MATERIALS PROVIDED:
■ ■ ■ ■ ■
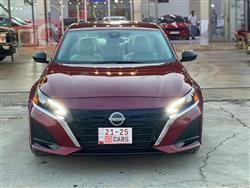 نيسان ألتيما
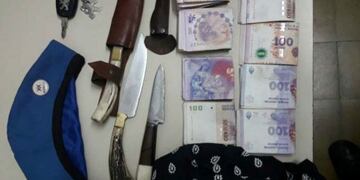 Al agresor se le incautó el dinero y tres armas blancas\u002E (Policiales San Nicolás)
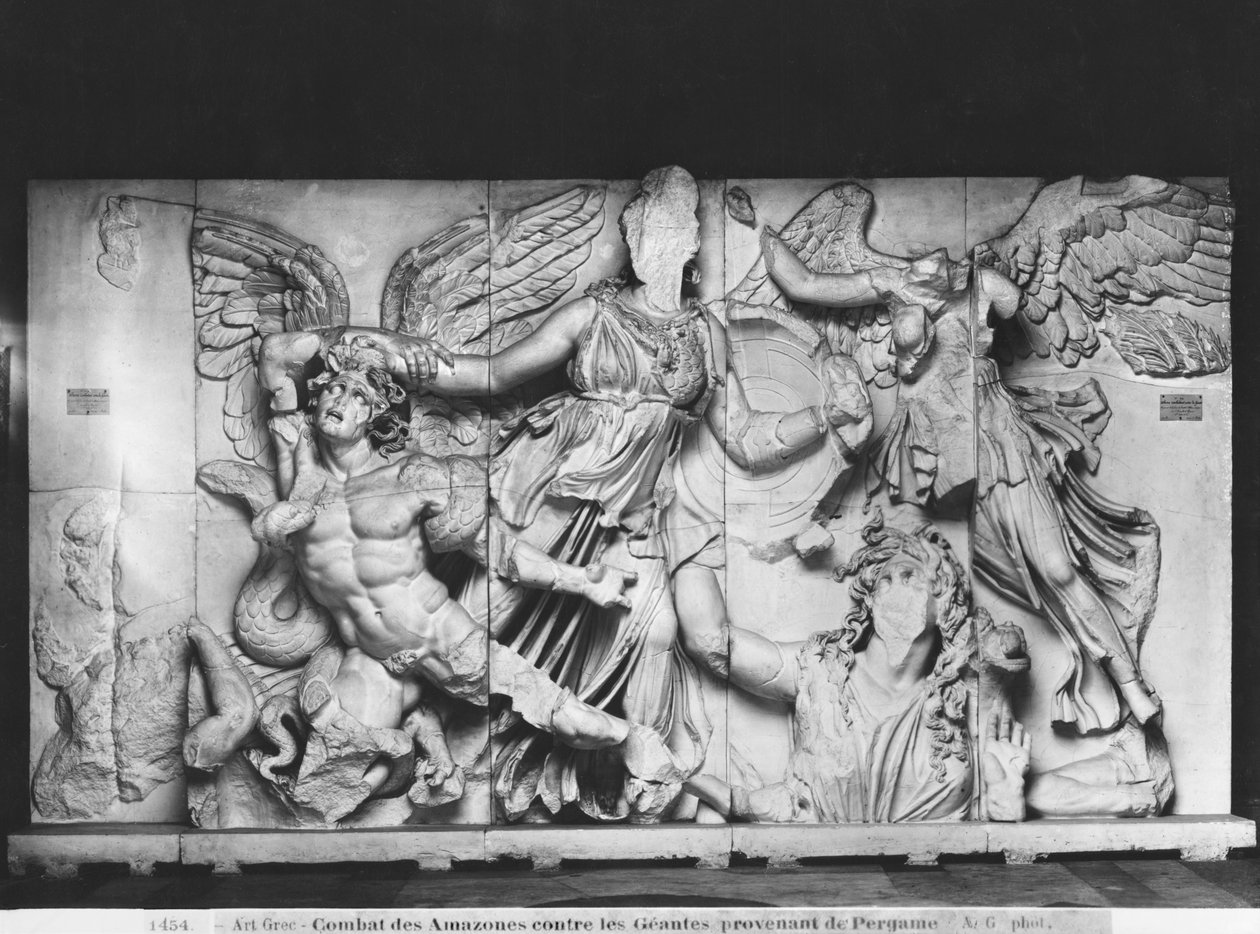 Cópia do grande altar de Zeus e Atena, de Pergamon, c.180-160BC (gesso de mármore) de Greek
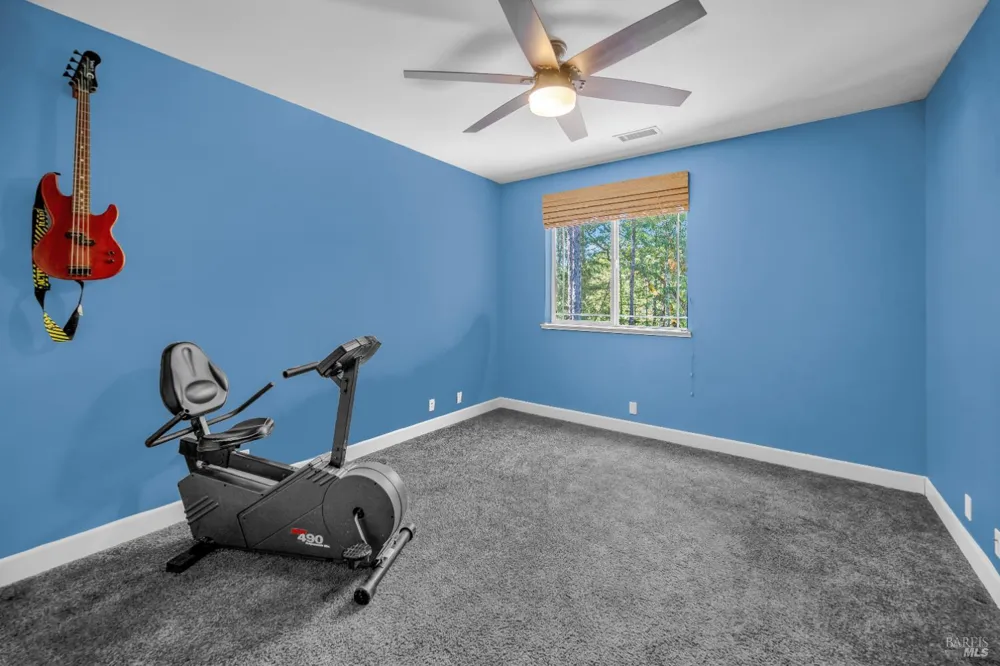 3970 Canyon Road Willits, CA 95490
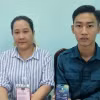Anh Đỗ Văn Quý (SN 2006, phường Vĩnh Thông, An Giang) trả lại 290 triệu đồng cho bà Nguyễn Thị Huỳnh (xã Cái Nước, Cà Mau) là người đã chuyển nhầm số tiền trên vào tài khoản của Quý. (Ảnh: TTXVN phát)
■ ■ ■ ■ ■
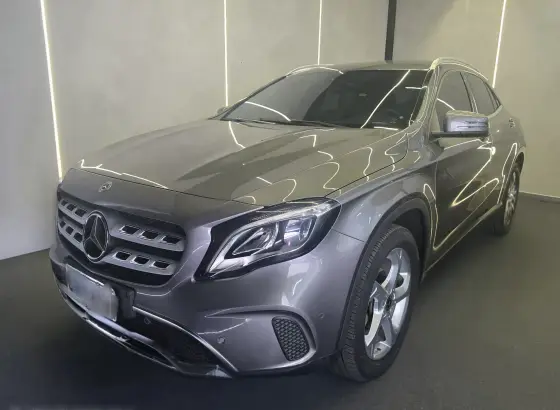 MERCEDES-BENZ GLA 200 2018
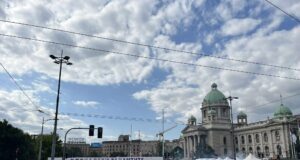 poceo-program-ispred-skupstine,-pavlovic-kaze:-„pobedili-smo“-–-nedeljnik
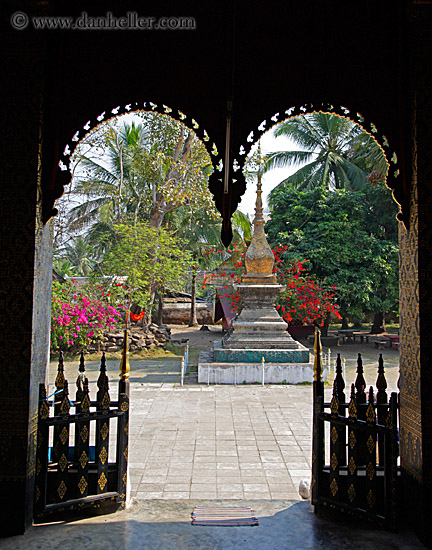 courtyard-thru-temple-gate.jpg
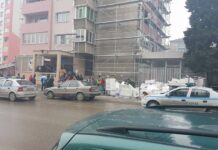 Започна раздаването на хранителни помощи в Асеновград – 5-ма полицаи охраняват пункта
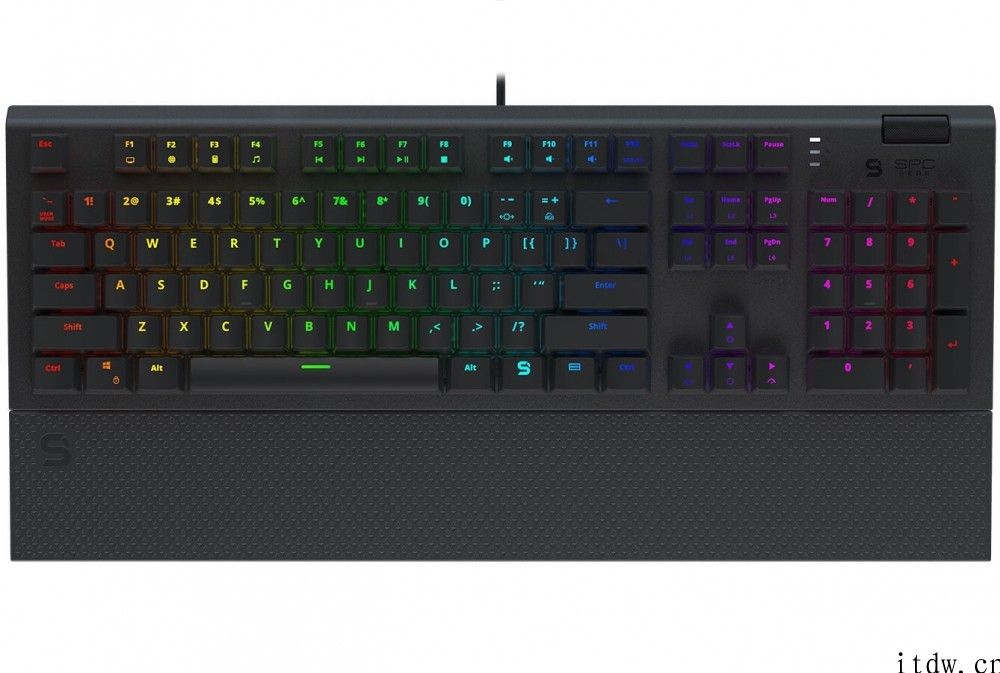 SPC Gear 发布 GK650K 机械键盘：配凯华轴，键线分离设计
■ ■ ■ ■ ■
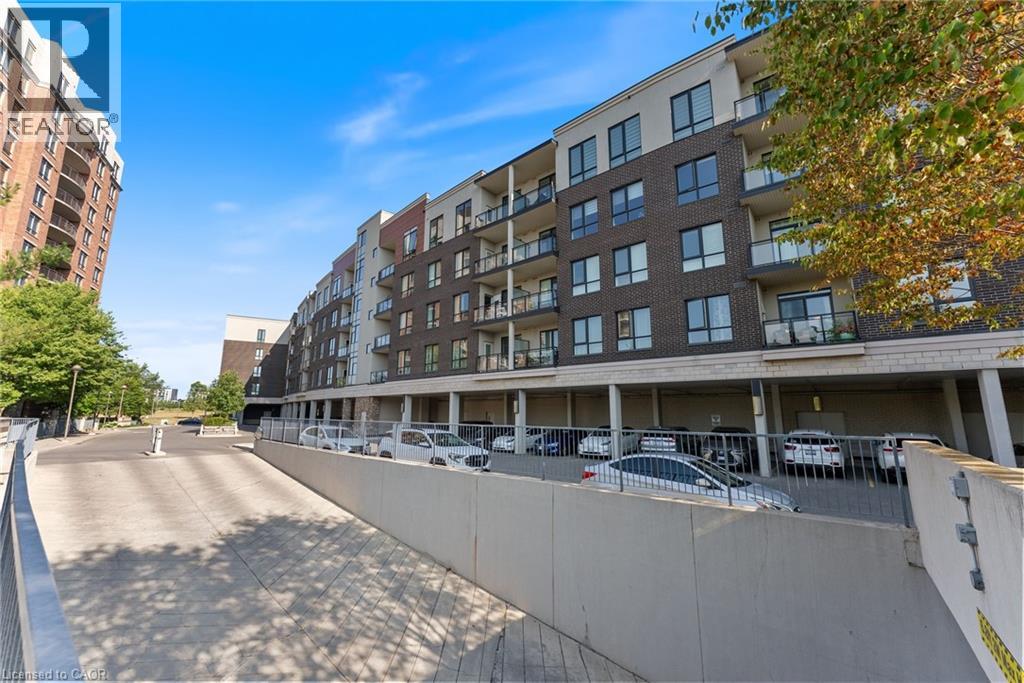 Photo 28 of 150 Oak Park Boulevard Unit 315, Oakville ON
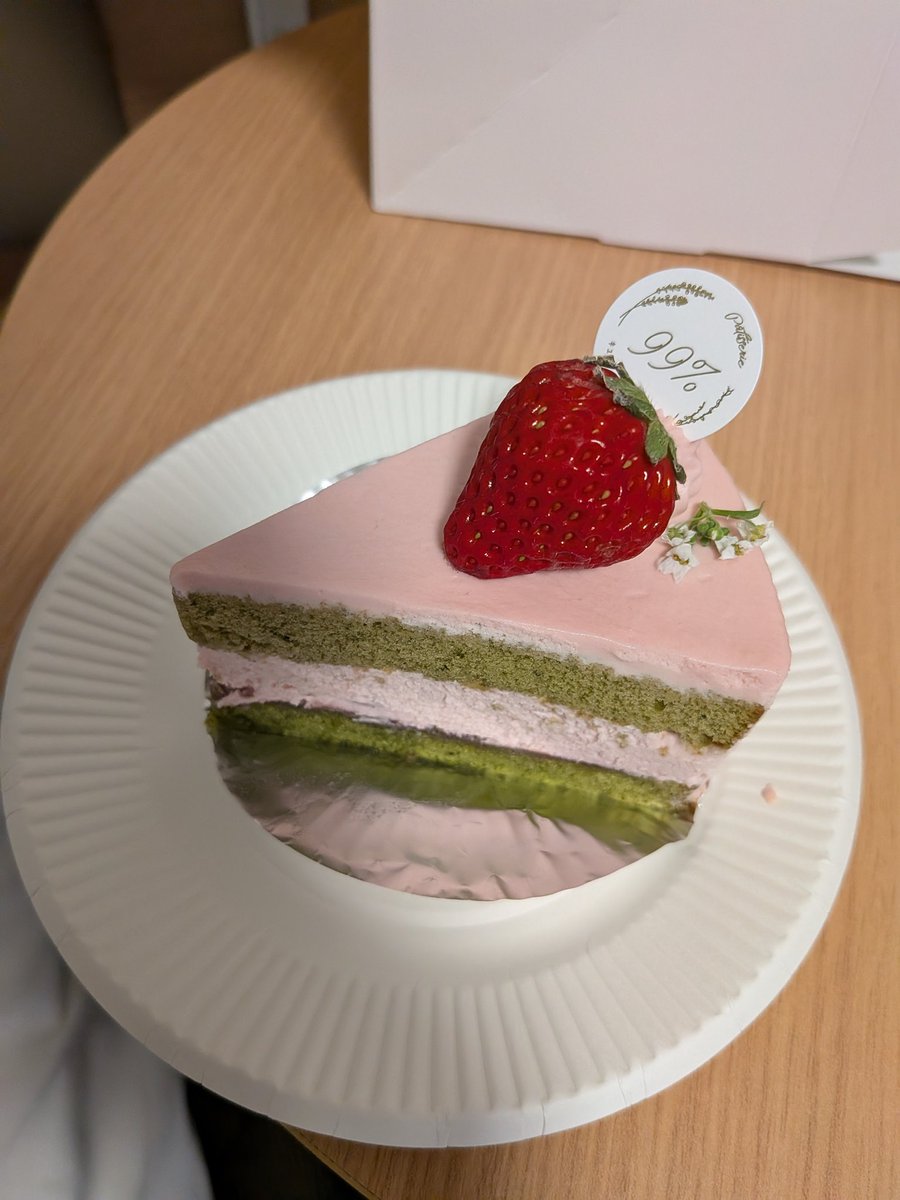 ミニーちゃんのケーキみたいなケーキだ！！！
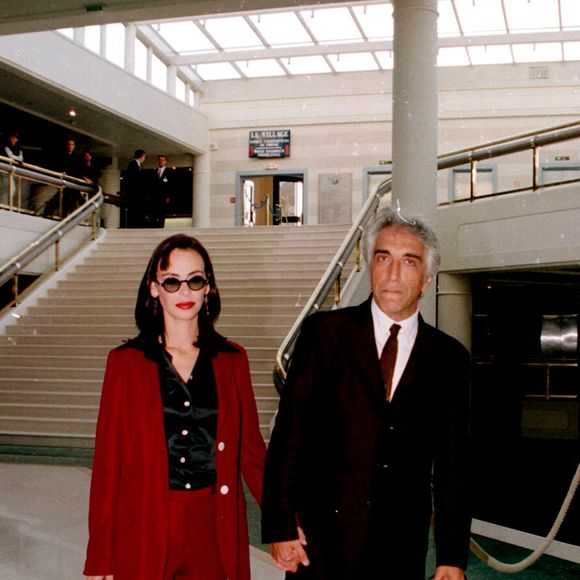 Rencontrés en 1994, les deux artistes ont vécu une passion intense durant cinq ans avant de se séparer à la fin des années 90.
■ ■ ■ ■ ■
PROBLEM REQUIREMENTS: Look back over the records above. Reproduce exactly everything from the line with "نيسان ألتيما" down to the line with "Anh Đỗ Văn Quý", inclusive, and leave the pictures out.

EXPECTED ANSWER:
 نيسان ألتيما
 Al agresor se le incautó el dinero y tres armas blancas\u002E (Policiales San Nicolás)
 Cópia do grande altar de Zeus e Atena, de Pergamon, c.180-160BC (gesso de mármore) de Greek
 3970 Canyon Road Willits, CA 95490
Anh Đỗ Văn Quý (SN 2006, phường Vĩnh Thông, An Giang) trả lại 290 triệu đồng cho bà Nguyễn Thị Huỳnh (xã Cái Nước, Cà Mau) là người đã chuyển nhầm số tiền trên vào tài khoản của Quý. (Ảnh: TTXVN phát)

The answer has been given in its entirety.